Short web captions:

- Opening Delimiter -

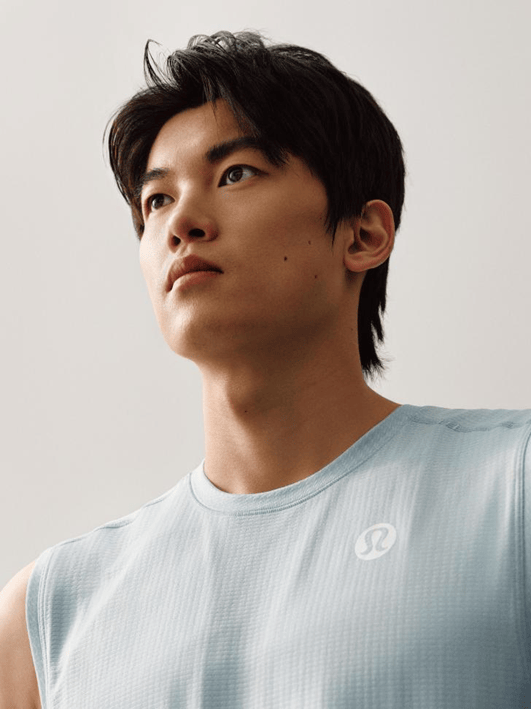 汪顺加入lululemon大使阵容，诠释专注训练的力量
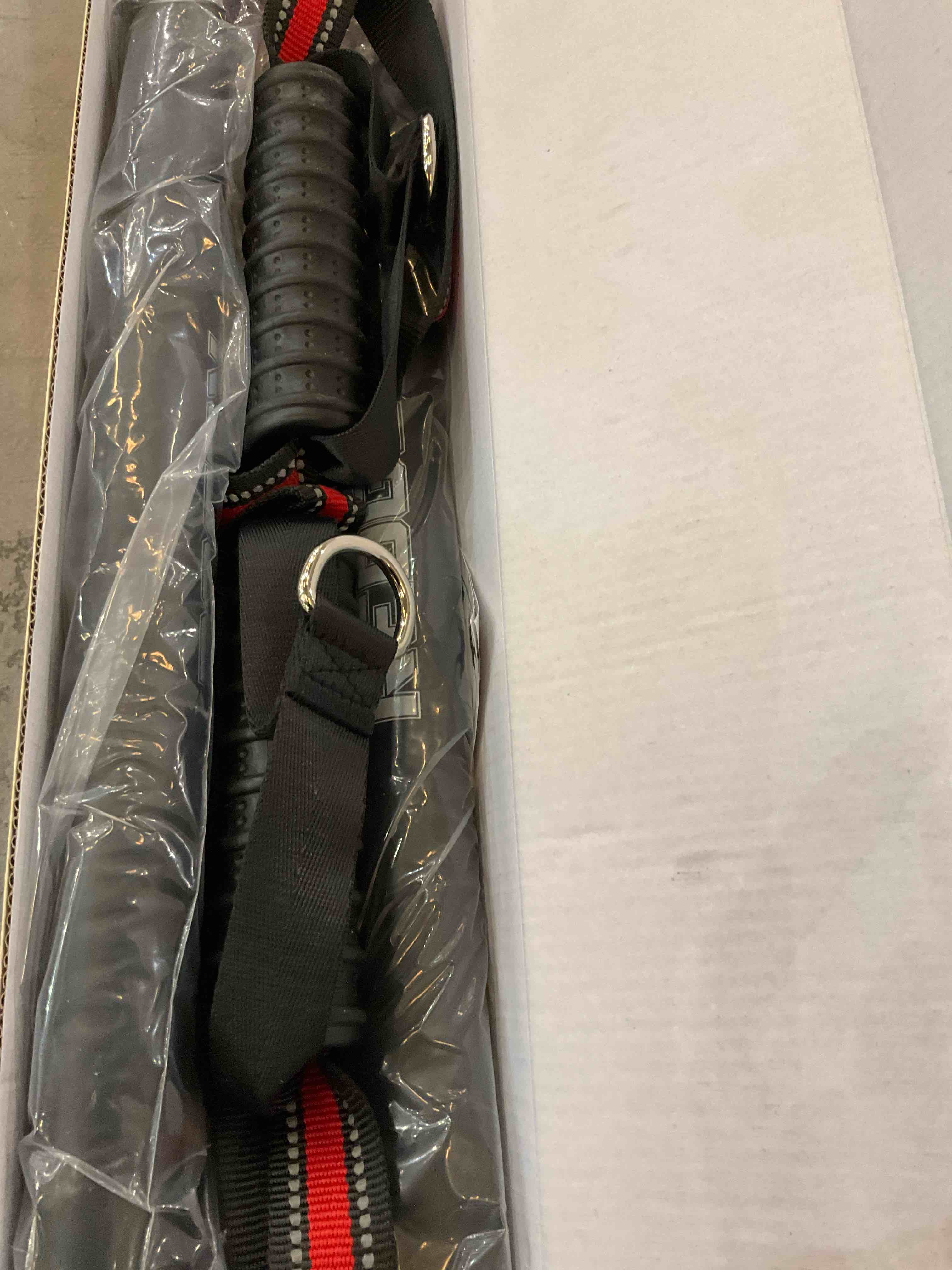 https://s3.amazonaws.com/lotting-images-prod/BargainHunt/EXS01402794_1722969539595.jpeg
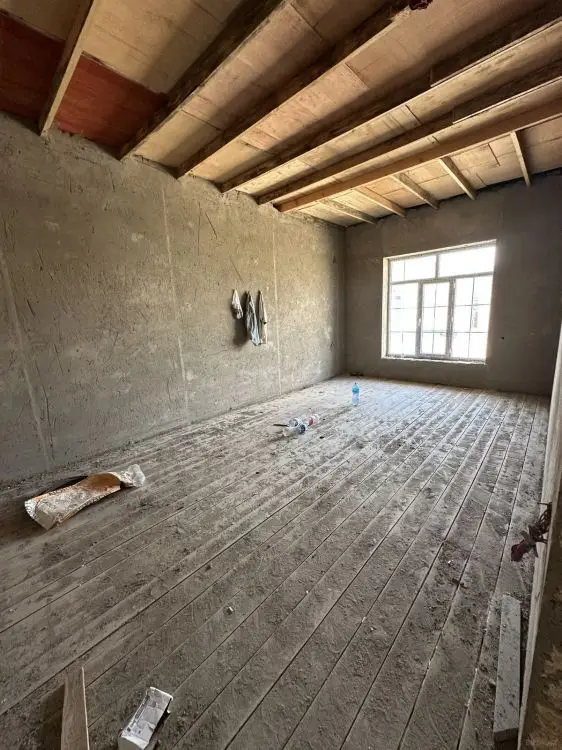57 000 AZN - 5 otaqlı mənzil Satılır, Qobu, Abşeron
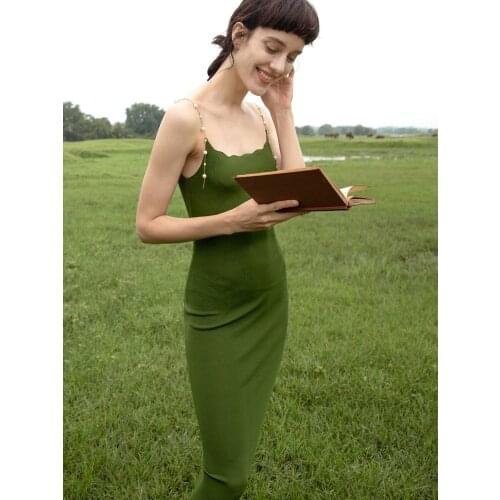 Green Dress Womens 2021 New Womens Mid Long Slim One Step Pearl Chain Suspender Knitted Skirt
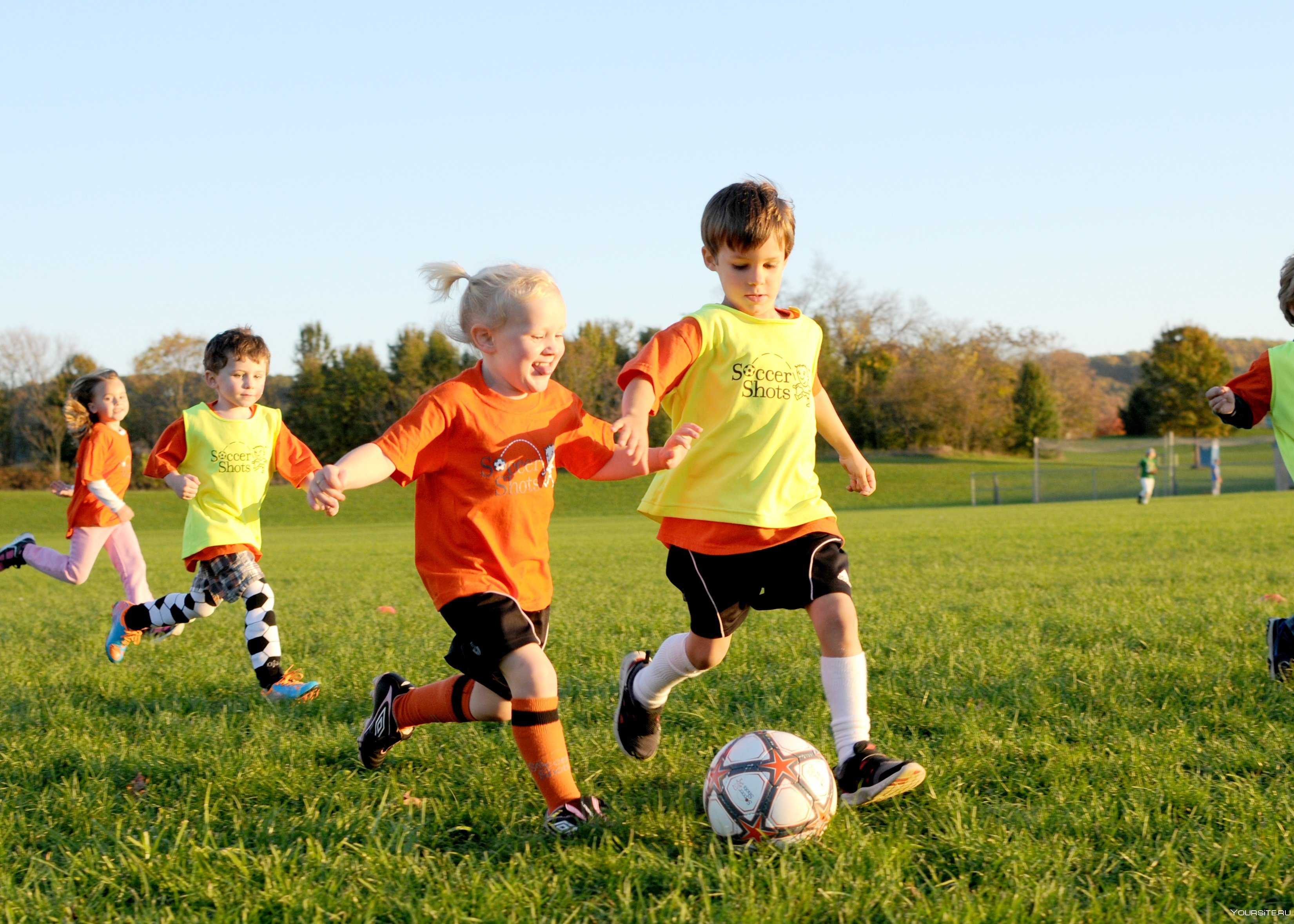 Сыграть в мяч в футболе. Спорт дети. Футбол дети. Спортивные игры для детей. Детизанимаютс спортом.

- Closing Delimiter -

Action item: Return every entry above exactly as written, minus the pictures.

Task answer:
 汪顺加入lululemon大使阵容，诠释专注训练的力量
 https://s3.amazonaws.com/lotting-images-prod/BargainHunt/EXS01402794_1722969539595.jpeg
57 000 AZN - 5 otaqlı mənzil Satılır, Qobu, Abşeron
 Green Dress Womens 2021 New Womens Mid Long Slim One Step Pearl Chain Suspender Knitted Skirt
 Сыграть в мяч в футболе. Спорт дети. Футбол дети. Спортивные игры для детей. Детизанимаютс спортом.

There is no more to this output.